Model ‘Sustainable’ Community in Trouble

NORTH CHARLESTON, S.C. (CN) - Three investors claim a company hailed as a model for sustainable urban revitalization on the Charleston peninsula defaulted on $23.8 million in loans it received two years ago. The plaintiff private equity firms wants the assets of the Navy Yard at Noisette LLC placed in receivership and liquidated.

According to the complaint Charleston County Court of Common Please, the Navy Yard at Noisette obtained the $23.8 million commercial mortgage loan on Aug. 1, 2006, and executed a series of promissory notes to the three individual lenders.

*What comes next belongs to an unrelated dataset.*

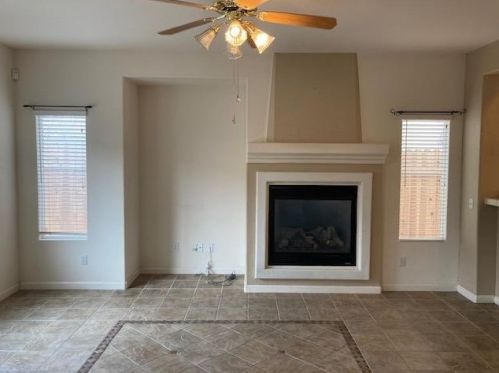 5649 Gold Poppy Way, Elk Grove, CA 95757-2823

These included a $12.9 million note delivered to an entity called SPG CDE Subfund A, an LLC registered in Delaware, LLC; a $6.9 million note delivered to the Urban Development Fund II, another LLC registered in Delaware; and a $4 million note delivered to Capmark Finance Inc., a California corporation.

The loans were to be repaid with interest by Aug. 9, 2008, but have not been. The total now due, not including interest and penalties written into the contract, is just under $23.2 million.

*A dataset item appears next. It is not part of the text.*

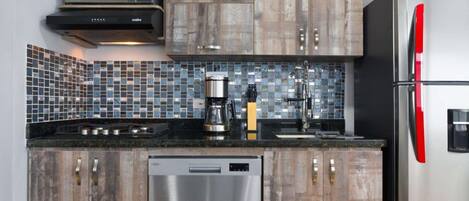 Geladeira, micro-ondas, cooktop, lava-louças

Noisette originally entered into a $9.6 million deal financed by the City of North Charleston in 2003, intent on transforming a 300-acre industrial site at the north end of the former Charleston Naval Base into a mixed-use, sustainable urban district defined by new office, commercial, academic, retail and residential development.

The Navy base was closed in 1996, and with a projected build-out of more than 20 years, the Navy Yard at Noisette was heralded as the creation of the "New American City."

Published reports in the late summer of 2006 stated that about $4.2 million of the Capmark Finance loan was used to pay off the balance of Noisette's indebtedness to the city. An unspecified amount of the money was expected to be used for design and infrastructure studies, and the initial development of roads and other infrastructure on some 125 acres.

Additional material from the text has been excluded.